Any regular expression would probably turn out with the same problem, what you need is to sanitize your entries or strings, either by escaping your commas or by highlighting strings this way: "My string". Otherwise you will have the same problem. Good luck.

For your example you would probably need to do something like:

\"Christopher Bass\",\"Cry\, the Beloved Country Final Essay\",\"cbass@cgs.k12.va.us\"

That way you could use a regexp or even the same method from the NSString class.

Not related at all, but the importance of sanitizing strings: http://xkcd.com/327/ hehehe.

El Developer
  • 3,345
  • 1
  • 21
  • 40
  • What if there are 10,000 users who are entering the data in the data base using the app? – Developer Jan 31 '12 at 17:10
  • 1
    What do you mean by "what"? In order to understand this question, I would need some context and background about this. – El Developer Feb 02 '12 at 00:22
  • In you answer you have dropped the comma after Cry and I think you are saying that there should be no comma and quotes in the content of data! How I can control this if there are more that 10,000 users? – Developer Feb 06 '12 at 10:30
  • Whoops, completely missed that one. If those are new entries to the data base of the csv file, you can either "escape" the commas, that are characters in the strings and use the commas of the file to separate the columns. If you already have a csv file with 10 K users, well then I don't think this solution will work for you :S sorry. – El Developer Feb 07 '12 at 03:49
1

How about this:

componentsSeparatedByRegex:@",\\\"|\\\","

This should split your string whereever " and , appear together in either order, resulting in a three-member array. This of course assumes that the second element in the string is always enclosed in parentheses, and the characters " and , never appear consecutively within the three components.

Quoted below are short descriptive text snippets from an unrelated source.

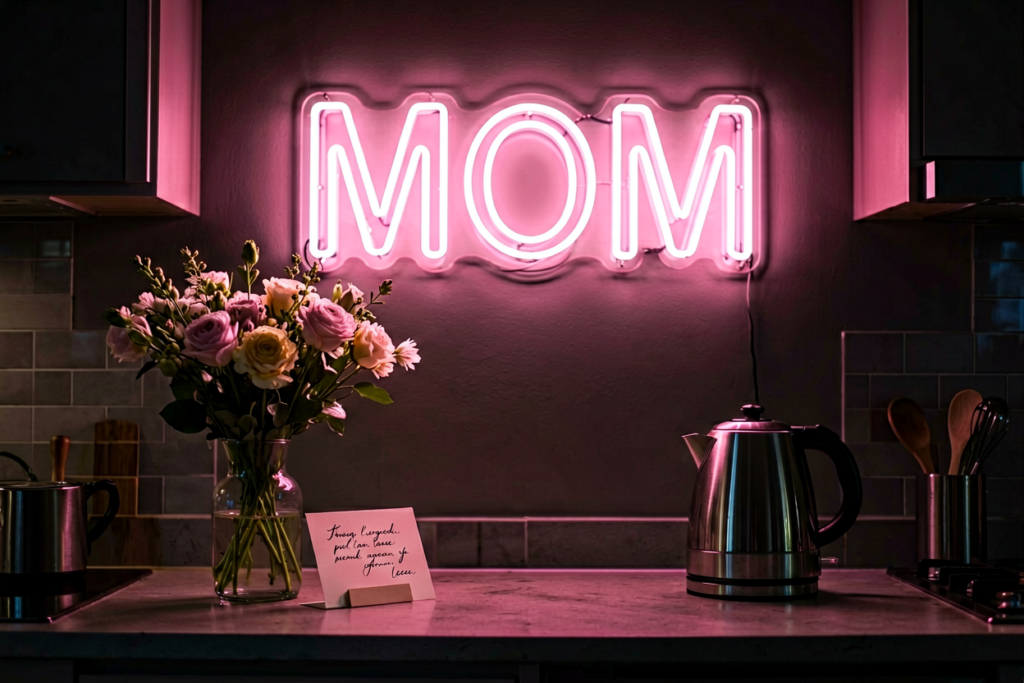 Dark scene with a glowing soft pink neon sign reading MOM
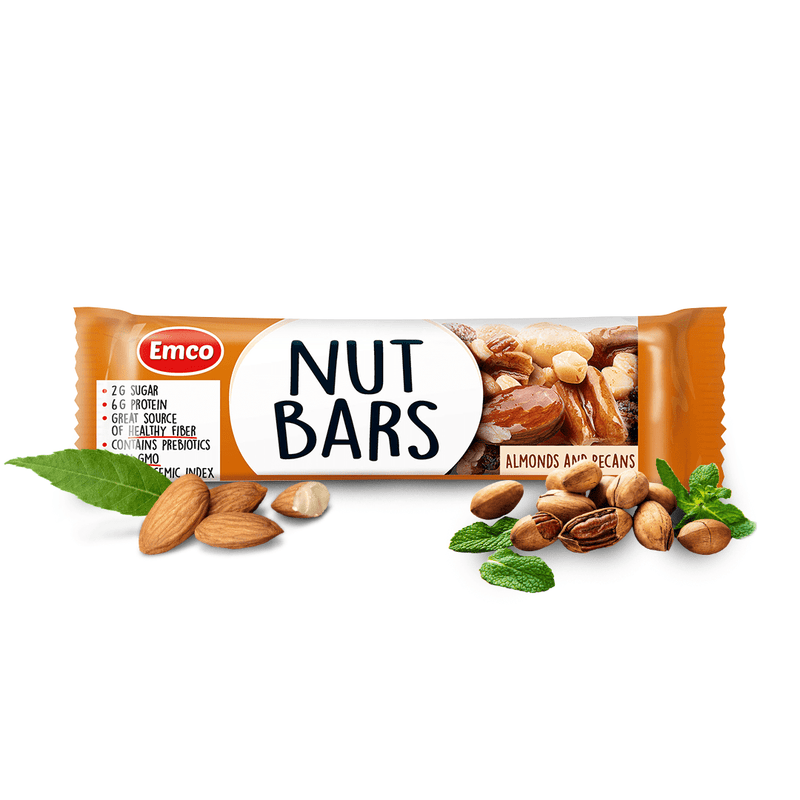 Load image into Gallery viewer, Emco Nut Bar with Almonds and Pecan Nuts (No Added Sugar) 35g Pack of 5
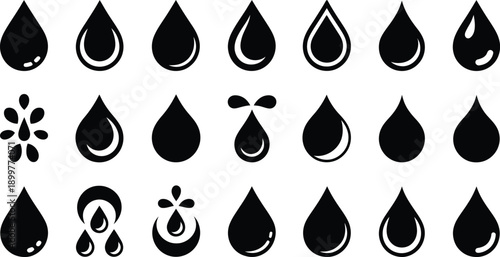 Versatile Liquid Droplet Icon Set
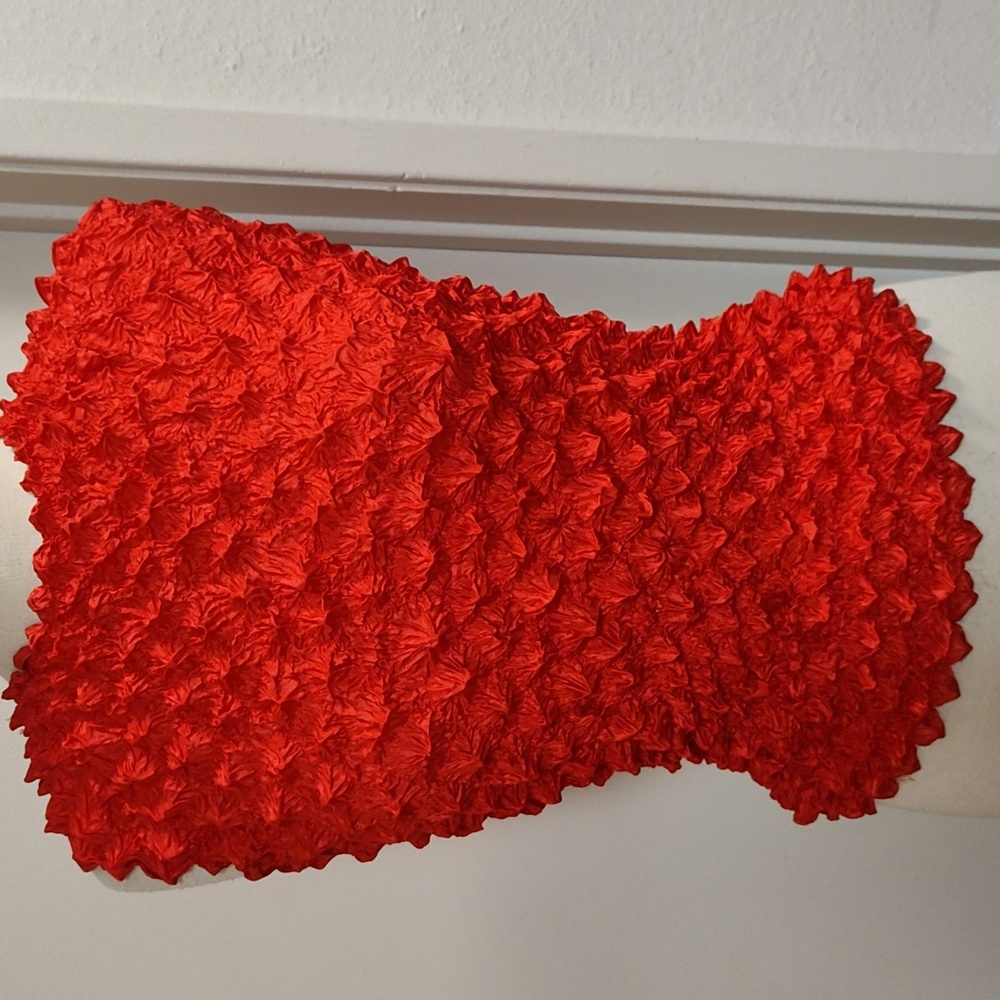 Orange Acetate Crinkle Stretch Tank Top OS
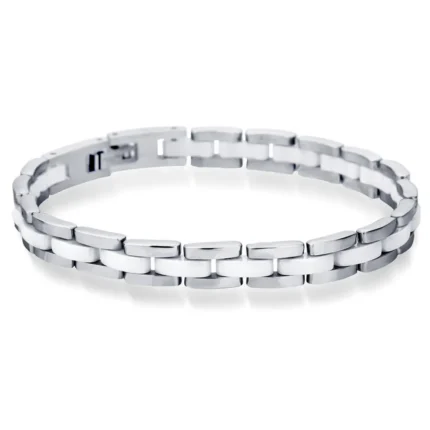 8 mm black and white stainless steel ceramic bracelet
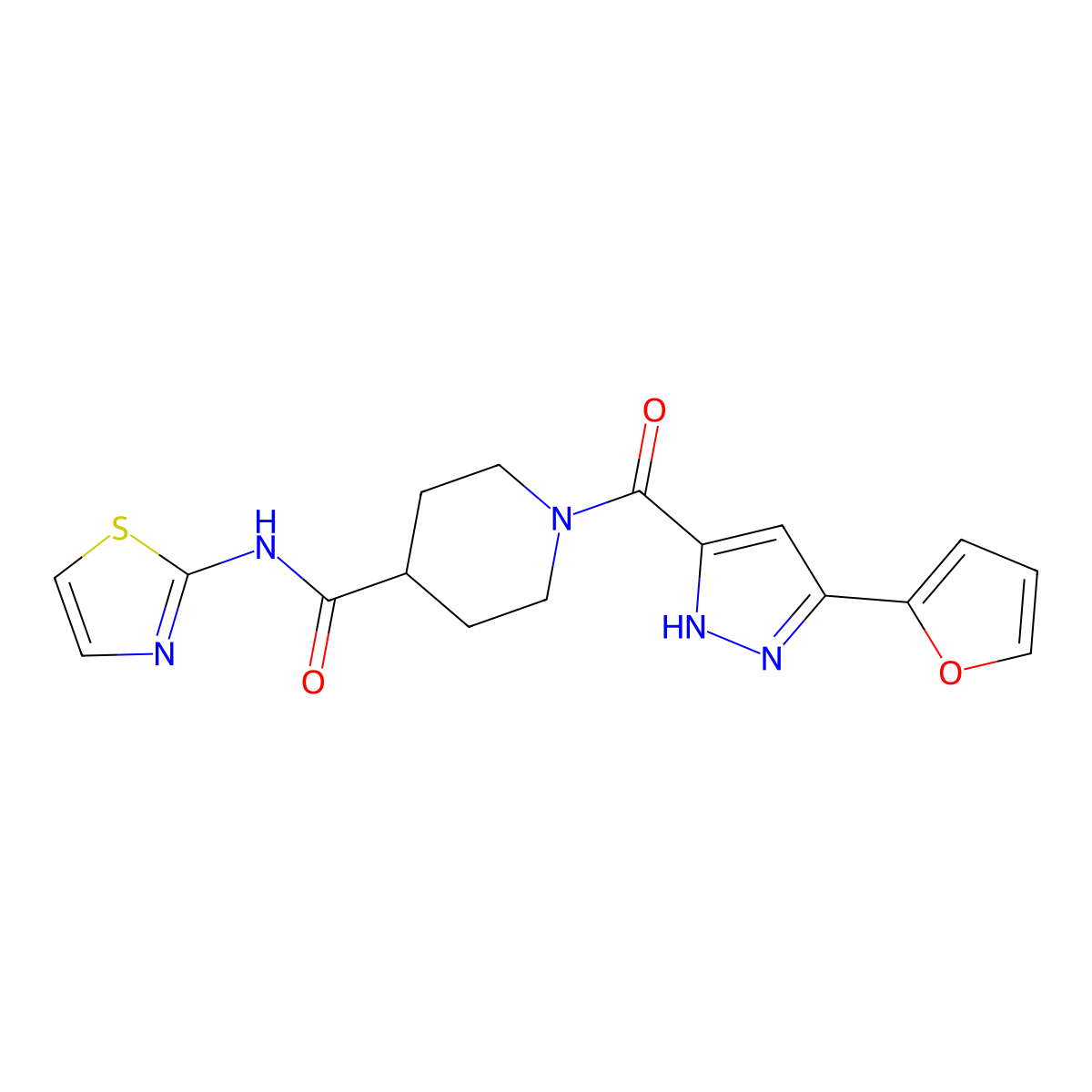 1-(3-(furan-2-yl)-1H-pyrazole-5-carbonyl)-N-(thiazol-2-yl)piperidine-4-carboxamide molecular structure, CAS 1297607-91-0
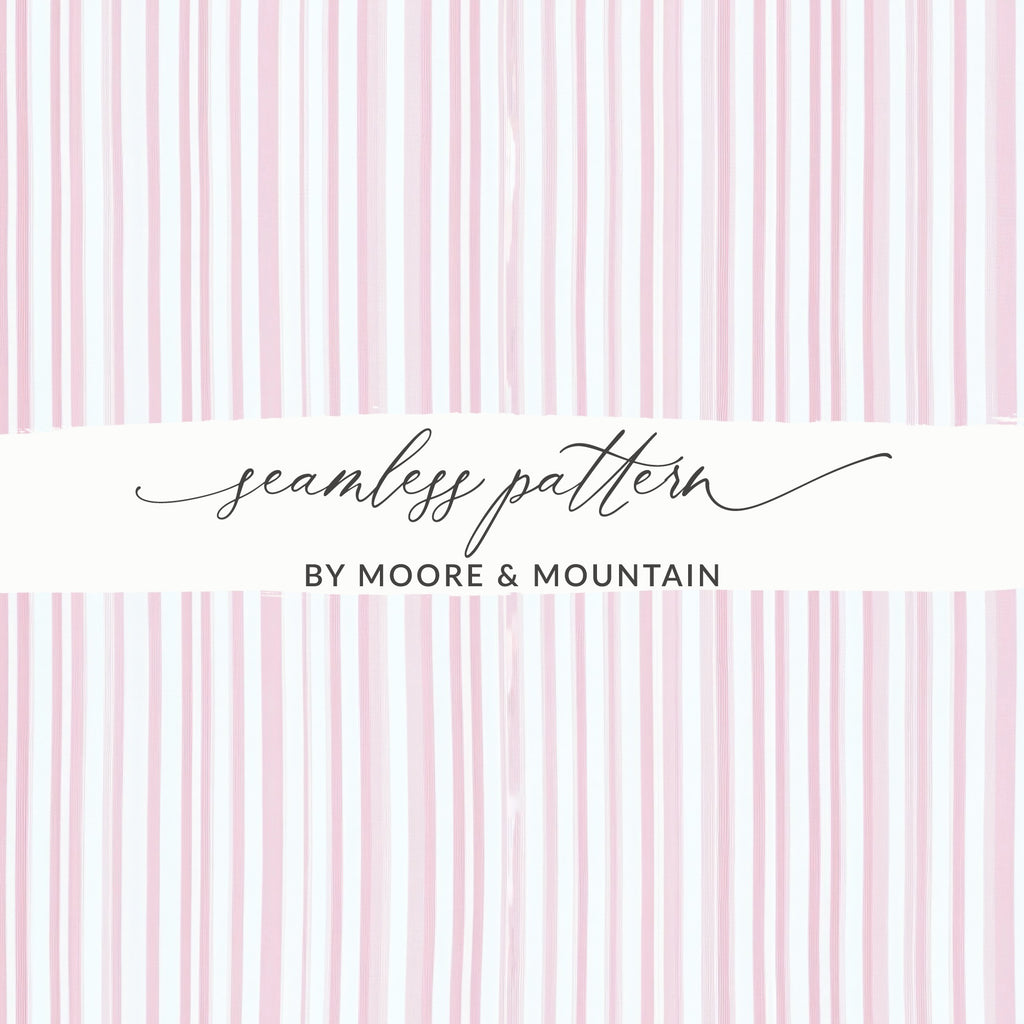 Light Pink and White Stripes Seamless Grandmillenial Digital - Moore and Mountain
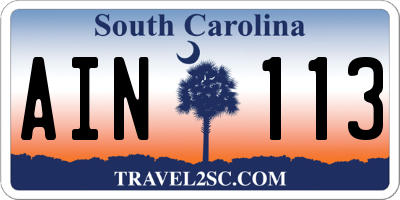SC license plate AIN113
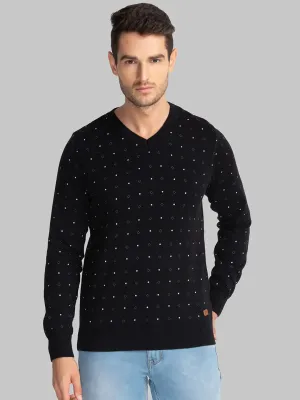 Men Black Print Cotton Full Sleeve Sweaters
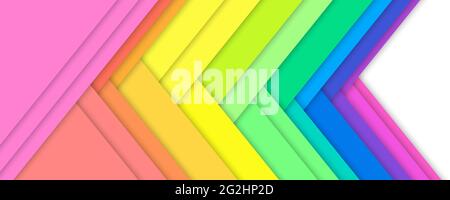 Bannière avec feuilles de papier de couleur. Arrière-plan géométrique abstrait. Couleur tendance. Design minimaliste. Illustration vectorielle. Modèle pour en-tête. Illustration de Vecteur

If either of these assumptions is incorrect, other methods to identify string components may be used, but it should be made clear that no generic solution exists. If the three component strings can contain " and , anywhere, not even a limited solution is possible in such cases:

Doe, John,\"\"Why Unescaped Strings Suck\", And Other Development Horror Stories\",Doe, John <john.doe@dev.null>

Hopefully there is nothing like the above in your CSV data. If there is, the data is basically unusable, and you should look into a better CSV exporter.

Feysal
  • 623
  • 4
  • 7
0

The regex you're searching for is: \\"(.*)\\"[ ^,]*|([^,]*),

in ObjC: (('\"' && string_1 && '\"' && 0-n spaces) || string_2 except comma) && comma

NSString *str = @"Christopher Bass,\"Cry, the Beloved Country ,Final Essay\",cbass@cgs.k12.va.us,som";
NSString *regEx = @"\\\"(.*)\\\"[ ^,]*|([^,]*),";
NSMutableArray *split = [[str componentsSeparatedByRegex:regEx] mutableCopy];
[split removeObject:@""]; // because it will print always both groups even if the other is empty
NSLog(@"%@", split);

// OUTPUT:
2012-02-07 17:42:18.778 tmpapp[92170:c03] (
    "Christopher Bass",
    "Cry, the Beloved Country ,Final Essay",
    "cbass@cgs.k12.va.us",
    som
)

RegexKitLite will add both strings to the array, therefore you will end up with empty objects for your array. removeObject:@"" will delete those but if you need to maintain true empty values (eg. your source has val,,ue) you have to modify the code to the following:

str = [str stringByReplacingOccurrencesOfRegex:regEx withString:@"$1$2∏"];
NSArray *split = [str componentsSeparatedByString:@"∏"];

$1 and $2 are those two strings mentioned above, ∏ is in this case a character which will most likely never appear in normal text (and is easy to remember: option-shift-p).

0

Is the title guarantied to have the quotation marks? And is it the only component that can have them? Because then componentSeparatedByString:@"\"" should get you this:

  1. Christopher Bass,
  2. Cry, the Beloved Country Final Essay
  3. ,cbass@cgs.k12.va.us

Then use componentSeparatedByString:@"," or substringFrom/ToIndex: to get rid of the two commas in the first and last component.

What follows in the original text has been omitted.